*Work request*. Lift out, unaltered, the lines of the material below between the line holding "ตลาดน้ำคลองลัด" and the line holding "Used 2023 Nissan Altima 2.5 SV image 2", counting both.

== Given records

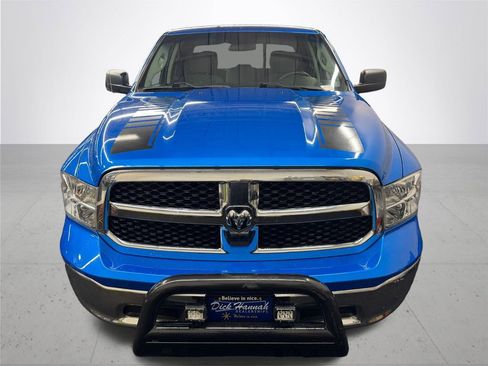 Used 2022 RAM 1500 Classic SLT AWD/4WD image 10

====
== Given records

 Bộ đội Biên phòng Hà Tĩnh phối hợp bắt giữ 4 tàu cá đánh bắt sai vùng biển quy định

====
== Given records

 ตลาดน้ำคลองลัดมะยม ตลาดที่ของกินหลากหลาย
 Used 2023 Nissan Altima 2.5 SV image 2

====

*Result*.
 ตลาดน้ำคลองลัดมะยม ตลาดที่ของกินหลากหลาย
 Used 2023 Nissan Altima 2.5 SV image 2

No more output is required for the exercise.